Whitney Houston has recording rights for I Will Always Love You, but Dolly Parton is the composer — and the Dolly Partons of the world aren't getting their dues from streaming services like Spotify, says Price. (Getty Images)

'Two different languages'

Streaming services are not a niche — they're the new normal. Spotify is a monster in the field, streaming over 750,000 tracks per minute worldwide.

How could companies like Spotify, which is expected to go public this year with an estimated valuation of up to $24 billion, make such a critical error when it comes to paying for content?

"The music industry is not going to make a smartphone any more than Apple is going to write the song Hotel California and record it," Price says.  "So what you had is two different types of entities speaking to each other in different languages."

Price says the music industry was at a disadvantage when it came to analyzing the data generated by the millions of streams of individual songs.

"And that's where we came in — it's kind of a bridge between music copyright and technology."

His company makes sense of the data, matching the use of the song to the payment agreement and determining if everyone who is owned money is paid out.

"And once you build the system, you're able to take a look at what's going on and go, 'Oh my god, this is what's actually happening and here's the data to back it up.' And what we've discovered is: in almost every instance, be it the Red Hot Chili Peppers, who are a client, Metallica, Jason Mraz — the list goes on and on — 80 to 85 per cent of the sound recordings of their compositions were not getting paid on."

As a result, there's been a flurry of lawsuits, but nothing close to the $2-billion grievance filed against Spotify this week.

     

Spotify CEO Daniel Ek is preparing to launch an IPO later this year. (Shannon Stapleton/Reuters)

Misaligned interests

Price says Spotify has brought in some measures to improve accountability and ensure payment.

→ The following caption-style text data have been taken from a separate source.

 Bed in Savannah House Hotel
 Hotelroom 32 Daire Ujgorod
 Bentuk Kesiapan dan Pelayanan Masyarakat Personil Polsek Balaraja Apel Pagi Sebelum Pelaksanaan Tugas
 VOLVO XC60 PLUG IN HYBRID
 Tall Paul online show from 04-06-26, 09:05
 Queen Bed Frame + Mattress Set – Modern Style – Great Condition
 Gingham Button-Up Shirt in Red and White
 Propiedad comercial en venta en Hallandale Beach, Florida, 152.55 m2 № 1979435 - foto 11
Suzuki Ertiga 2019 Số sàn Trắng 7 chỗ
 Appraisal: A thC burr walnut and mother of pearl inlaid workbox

"Spotify has improved the way it operates and communicates, and we have a far better relationship with them now than we had a number of years ago," Price says.

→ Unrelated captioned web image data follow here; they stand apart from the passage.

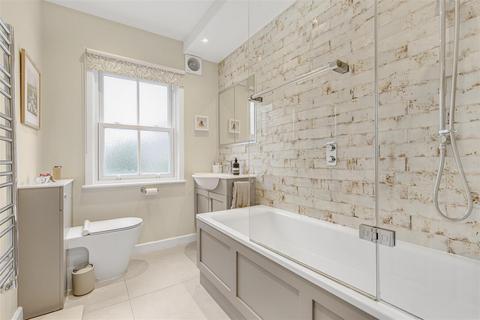 47 Ashlone Road, London, SW15 1LS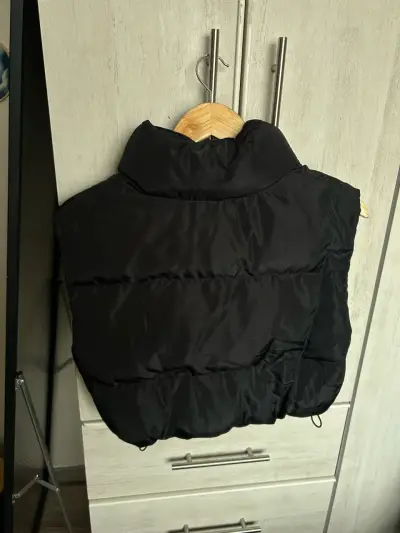 Parka acolchada negra sin mangas - miniatura 4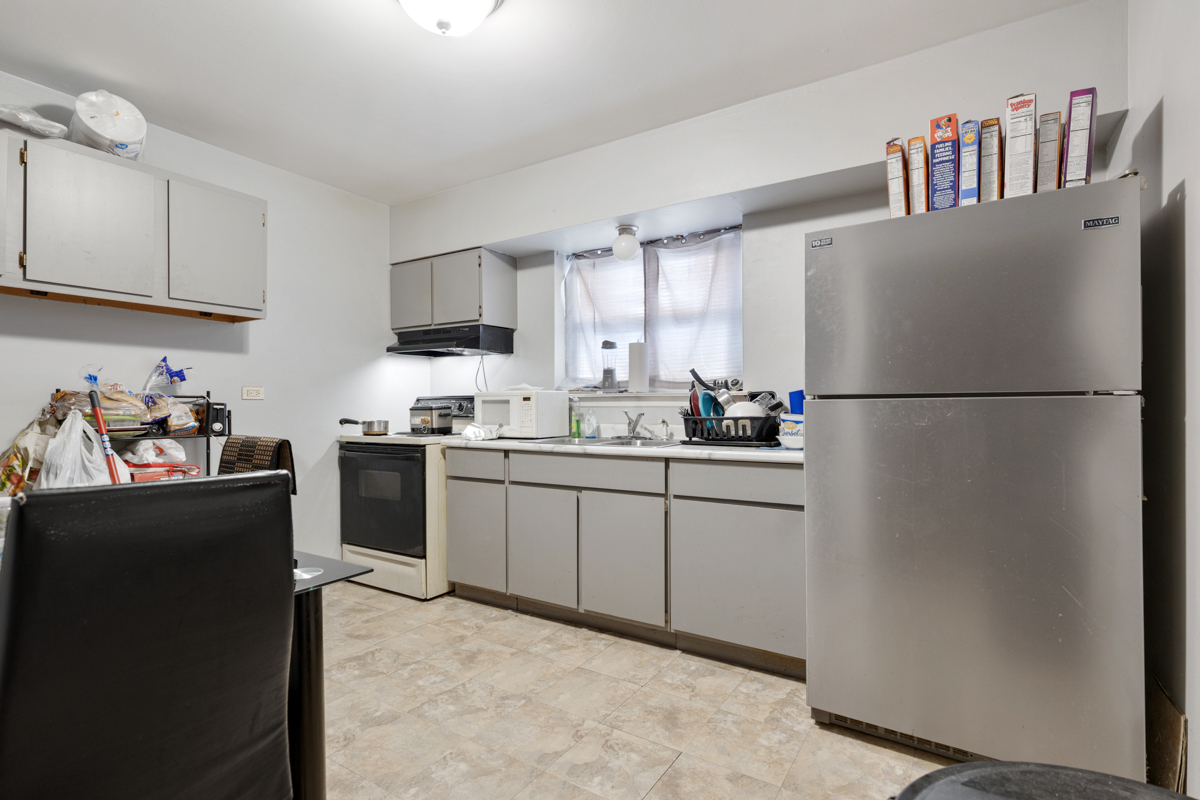 528 North Ardmore Avenue Villa Park IL 60181
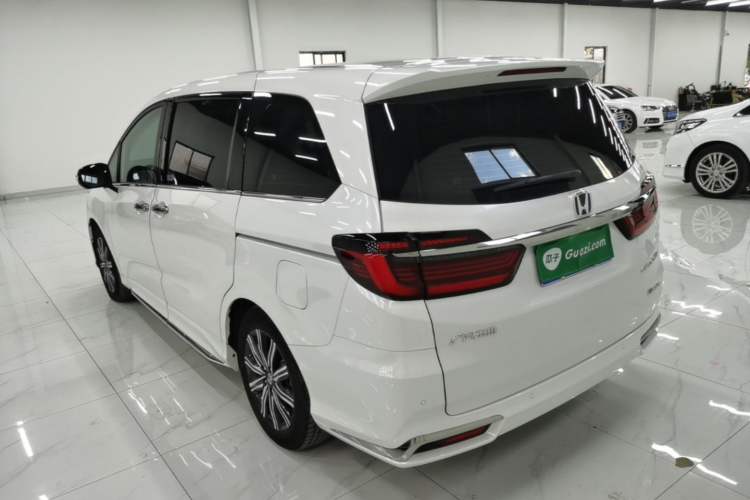 Used Honda Odyssey 2024 2.0L eHEV Sharp & Enjoy Edition Rear Left 45 Deg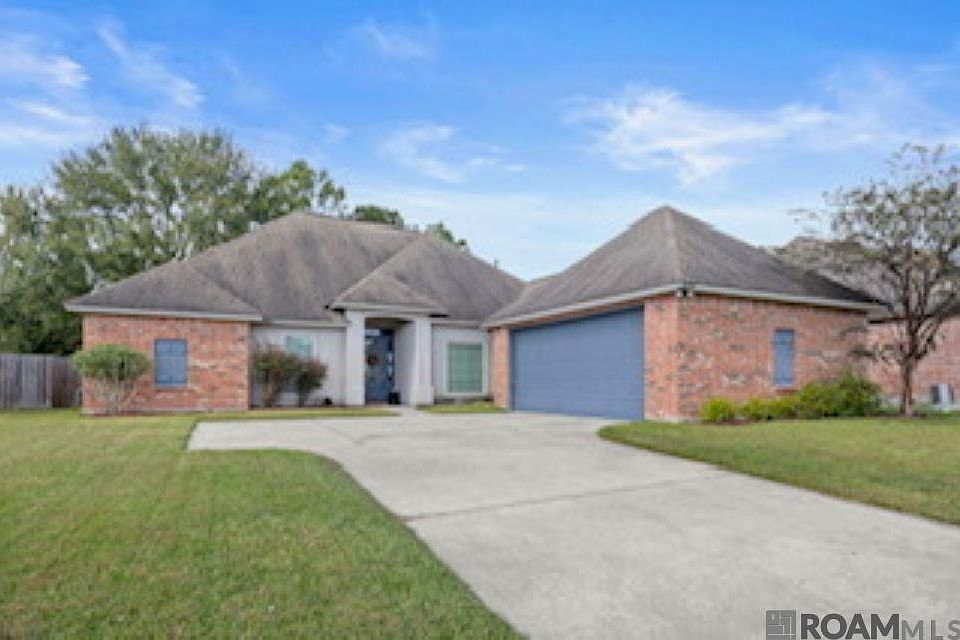 1st image of 6729 Royal Oaks Ct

But there's still a major problem in the backlog of money Price says is owed to artists.

"Imagine a ship with a hole in it," he explains. "You can patch the hole and you can stop the water from coming in, but the boat is still full of water that you need to bail out."

I wondered if streaming services like Spotify, which has never turned a profit, can pay all the royalties owed and still remain solvent.

Price's response was surprising.

"Streaming services don't care if they can pay the royalty and break even," Price insists.

He says there's a fundamental misalignment in the interests of the parties and the way they make their profits.

"The music industry makes money off of the stream of recorded music. The digital services make their money off the aggregation of people," he notes.

"And so when you have this lack of synchronization between interests, you create the very issue we have now, where Spotify can lose hundreds of millions of dollars every quarter and still have an increasing valuation."

Why care about the product you're selling if all that matters is the number of people in your store?

"If Spotify could only have an IPO and go public if it actually made money off the music, we would be having a very different conversation."